Repeat the data verbatim.
RECORDS FOR PROCESSING: Begin
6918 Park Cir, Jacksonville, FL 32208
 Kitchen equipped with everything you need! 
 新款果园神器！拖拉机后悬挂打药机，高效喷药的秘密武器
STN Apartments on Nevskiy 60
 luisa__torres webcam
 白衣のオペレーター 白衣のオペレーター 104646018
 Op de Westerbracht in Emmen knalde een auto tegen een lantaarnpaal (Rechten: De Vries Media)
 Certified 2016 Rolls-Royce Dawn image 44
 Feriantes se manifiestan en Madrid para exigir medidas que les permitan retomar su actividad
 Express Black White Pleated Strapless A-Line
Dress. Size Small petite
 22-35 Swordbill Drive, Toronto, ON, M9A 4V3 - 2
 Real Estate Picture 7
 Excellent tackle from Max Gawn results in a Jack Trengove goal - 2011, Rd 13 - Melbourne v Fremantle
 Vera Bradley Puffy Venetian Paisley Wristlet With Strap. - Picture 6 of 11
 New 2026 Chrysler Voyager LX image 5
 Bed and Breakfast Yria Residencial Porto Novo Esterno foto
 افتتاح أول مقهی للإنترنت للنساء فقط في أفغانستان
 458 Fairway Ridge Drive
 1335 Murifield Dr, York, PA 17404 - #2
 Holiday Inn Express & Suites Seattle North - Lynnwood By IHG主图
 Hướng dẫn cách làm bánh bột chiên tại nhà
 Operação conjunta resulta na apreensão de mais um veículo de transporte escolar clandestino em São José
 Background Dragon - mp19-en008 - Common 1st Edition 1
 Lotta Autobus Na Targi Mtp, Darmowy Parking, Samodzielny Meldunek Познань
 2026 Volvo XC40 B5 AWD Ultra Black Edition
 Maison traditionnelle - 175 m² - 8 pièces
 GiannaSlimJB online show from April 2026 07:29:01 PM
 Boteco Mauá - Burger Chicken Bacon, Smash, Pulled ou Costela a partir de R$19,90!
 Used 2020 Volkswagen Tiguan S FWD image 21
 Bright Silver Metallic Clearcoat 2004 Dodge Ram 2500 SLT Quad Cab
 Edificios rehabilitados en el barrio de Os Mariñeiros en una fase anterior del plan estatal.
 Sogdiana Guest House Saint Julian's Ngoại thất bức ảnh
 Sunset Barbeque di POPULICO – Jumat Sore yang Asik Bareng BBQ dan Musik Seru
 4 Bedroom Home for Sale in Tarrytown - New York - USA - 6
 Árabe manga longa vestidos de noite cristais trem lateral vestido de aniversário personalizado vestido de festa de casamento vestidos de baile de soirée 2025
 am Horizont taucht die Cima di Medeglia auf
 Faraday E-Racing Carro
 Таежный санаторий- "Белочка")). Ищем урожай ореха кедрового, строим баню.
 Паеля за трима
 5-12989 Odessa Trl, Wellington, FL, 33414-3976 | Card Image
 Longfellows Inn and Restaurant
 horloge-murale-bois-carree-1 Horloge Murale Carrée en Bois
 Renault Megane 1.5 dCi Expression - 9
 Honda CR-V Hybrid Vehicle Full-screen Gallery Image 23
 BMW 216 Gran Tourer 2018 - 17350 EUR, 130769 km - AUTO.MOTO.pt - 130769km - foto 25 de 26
RECORDS FOR PROCESSING: End
SOLUTION TO THE EXERCISE >>
6918 Park Cir, Jacksonville, FL 32208
 Kitchen equipped with everything you need! 
 新款果园神器！拖拉机后悬挂打药机，高效喷药的秘密武器
STN Apartments on Nevskiy 60
 luisa__torres webcam
 白衣のオペレーター 白衣のオペレーター 104646018
 Op de Westerbracht in Emmen knalde een auto tegen een lantaarnpaal (Rechten: De Vries Media)
 Certified 2016 Rolls-Royce Dawn image 44
 Feriantes se manifiestan en Madrid para exigir medidas que les permitan retomar su actividad
 Express Black White Pleated Strapless A-Line
Dress. Size Small petite
 22-35 Swordbill Drive, Toronto, ON, M9A 4V3 - 2
 Real Estate Picture 7
 Excellent tackle from Max Gawn results in a Jack Trengove goal - 2011, Rd 13 - Melbourne v Fremantle
 Vera Bradley Puffy Venetian Paisley Wristlet With Strap. - Picture 6 of 11
 New 2026 Chrysler Voyager LX image 5
 Bed and Breakfast Yria Residencial Porto Novo Esterno foto
 افتتاح أول مقهی للإنترنت للنساء فقط في أفغانستان
 458 Fairway Ridge Drive
 1335 Murifield Dr, York, PA 17404 - #2
 Holiday Inn Express & Suites Seattle North - Lynnwood By IHG主图
 Hướng dẫn cách làm bánh bột chiên tại nhà
 Operação conjunta resulta na apreensão de mais um veículo de transporte escolar clandestino em São José
 Background Dragon - mp19-en008 - Common 1st Edition 1
 Lotta Autobus Na Targi Mtp, Darmowy Parking, Samodzielny Meldunek Познань
 2026 Volvo XC40 B5 AWD Ultra Black Edition
 Maison traditionnelle - 175 m² - 8 pièces
 GiannaSlimJB online show from April 2026 07:29:01 PM
 Boteco Mauá - Burger Chicken Bacon, Smash, Pulled ou Costela a partir de R$19,90!
 Used 2020 Volkswagen Tiguan S FWD image 21
 Bright Silver Metallic Clearcoat 2004 Dodge Ram 2500 SLT Quad Cab
 Edificios rehabilitados en el barrio de Os Mariñeiros en una fase anterior del plan estatal.
 Sogdiana Guest House Saint Julian's Ngoại thất bức ảnh
 Sunset Barbeque di POPULICO – Jumat Sore yang Asik Bareng BBQ dan Musik Seru
 4 Bedroom Home for Sale in Tarrytown - New York - USA - 6
 Árabe manga longa vestidos de noite cristais trem lateral vestido de aniversário personalizado vestido de festa de casamento vestidos de baile de soirée 2025
 am Horizont taucht die Cima di Medeglia auf
 Faraday E-Racing Carro
 Таежный санаторий- "Белочка")). Ищем урожай ореха кедрового, строим баню.
 Паеля за трима
 5-12989 Odessa Trl, Wellington, FL, 33414-3976 | Card Image
 Longfellows Inn and Restaurant
 horloge-murale-bois-carree-1 Horloge Murale Carrée en Bois
 Renault Megane 1.5 dCi Expression - 9
 Honda CR-V Hybrid Vehicle Full-screen Gallery Image 23
 BMW 216 Gran Tourer 2018 - 17350 EUR, 130769 km - AUTO.MOTO.pt - 130769km - foto 25 de 26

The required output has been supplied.